Madame la présidente, madame la ministre, monsieur le rapporteur, mes chers collègues, nous sommes appelés aujourd’hui à nous prononcer sur le projet de loi relatif à la liberté de la création, à l’architecture et au patrimoine. Ce texte embrasse trois grands thèmes relatifs à la culture, trois thèmes qui auraient mérité autant de textes distincts, tant ces trois sujets – le statut des artistes, le patrimoine et l’architecture – sont complexes et exigeants.
Cela étant, ce texte a le mérite d’exister, car il importe d’offrir à la culture toutes les possibilités de sa préservation, de son épanouissement et de son rayonnement.
La culture n’est-elle pas ce qui définit l’évolution des sociétés au cours des siècles ? La malmener, l’ignorer, c’est enfermer, c’est entraîner vers l’oubli, c’est compromettre l’avenir, c’est asservir.
Il suffit pour cela de se référer à cette volonté macabre et obstinée de certains d’enfermer les hommes dans la peur en leur ôtant leur culture afin de les soumettre, de les bâillonner. Je pense ainsi à la destruction de mausolées à Tombouctou, au Mali, à celle de la cité antique de Hatra, en Irak, et bien sûr à celle du temple de Bel et de l’arc de triomphe de Palmyre en Syrie.
Un texte sur la culture est donc soumis aujourd’hui à notre approbation et je m’en réjouis car, comme le rappelle très justement l’exposé des motifs du projet de loi, la culture « rend possible l’émancipation individuelle et la citoyenneté. Facteur de cohésion sociale, de transmission, de partage et d’innovation, la culture contribue au projet de notre République ».
La relation intime entre liberté et création est d’emblée affirmée dans l’article 1er du présent projet de loi. La création et la liberté sont en effet interdépendantes, indissociables. « La liberté, c’est l’indépendance de la pensée », écrivait Épictète.
L’article 2 du projet de loi, par les différents points qu’il énonce, porte la volonté de protéger la liberté de création dans la production artistique. Il vise également à garantir la formation des artistes, la transmission des savoirs, l’éducation à la culture dès l’école.
Concernant toujours cet article 2, je tiens à saluer ici l’ajout, par un amendement adopté en commission, de la notion d’implication des artistes dans les actions d’éducation artistique et culturelle « à destination de toutes les personnes, notamment de celles qui sont les plus éloignées de la culture, des publics spécifiques, ainsi que des jeunes ».
Par ailleurs, le projet de loi clarifie les conditions d’emploi et de rémunération des artistes, règles essentielles pour leur permettre de créer, et aux entreprises qui les produisent de subsister. L’équilibre doit absolument se faire dans le respect des uns et des autres. C’est ce à quoi tend ce texte.
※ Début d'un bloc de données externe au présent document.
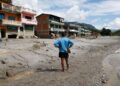 Al menos 180 muertos y casi 1.400 desaparecidos reportados por Nepal y China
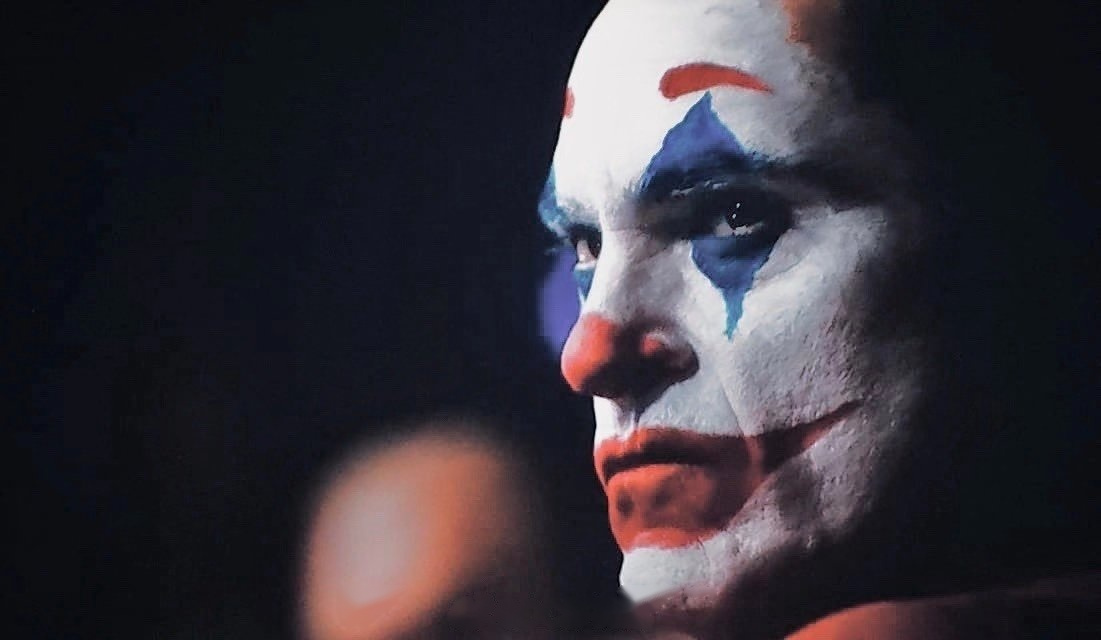 【dc电影《小丑》创美国国内十月首映电影首周末票房新高】
由杰昆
Concernant les pratiques amateurs, le groupe RRDP ne peut que se satisfaire de la place que vous avez souhaité leur donner, madame la ministre. Cette reconnaissance leur était due.
Le projet de loi traite enfin de la question du patrimoine et de l’archéologie préventive. Je souhaiterais rappeler ici que le patrimoine n’est pas fondé sur la notion du passé seul. Il permet d’observer notre temps contemporain, de se projeter dans l’avenir.
Concernant l’archéologie préventive, c’est avec grande satisfaction que ma collègue Gilda Hobert et notre groupe ont été écoutés sur le rôle de son opérateur public, l’INRAP. Ainsi, un amendement que nous avions déposé à l’article 20 en commission, puis en séance publique et repris par notre collègue Marie-George Buffet, a été adopté. Il dispose que les dépenses engagées dans le cadre des contrats de fouilles archéologiques prévus à l’article L. 523-9 du code du patrimoine n’ouvriront pas droit à un crédit d’impôt.
Il nous paraissait essentiel de protéger le travail de l’opérateur public d’archéologie préventive, eu égard à la mission de service public dont il est investi. La question était d’autant plus importante que les opérateurs privés pouvaient bénéficier du crédit d’impôt recherche, ce qui leur donnait les moyens de tirer les prix vers le bas et de placer l’opérateur public de recherches archéologiques préventives face à un véritable dumping social et scientifique.
Enfin, et puisque « l’essentiel est invisible pour les yeux », comme l’écrivait Antoine de Saint-Exupéry dans Le Petit Prince, son oeuvre universelle, un amendement du rapporteur, analogue à celui que nous avions proposé, permet la reconnaissance du patrimoine culturel immatériel au sens de l’article 2 de la Convention internationale pour la sauvegarde du patrimoine culturel immatériel. C’est là un point essentiel auquel nous étions particulièrement attachés.
Voilà, madame la ministre, l’essentiel de ce que je voulais vous dire sur ce projet de loi que le groupe radical, républicain, démocrate et progressiste approuvera d’une manière des plus matérielles – par un vote positif, donc.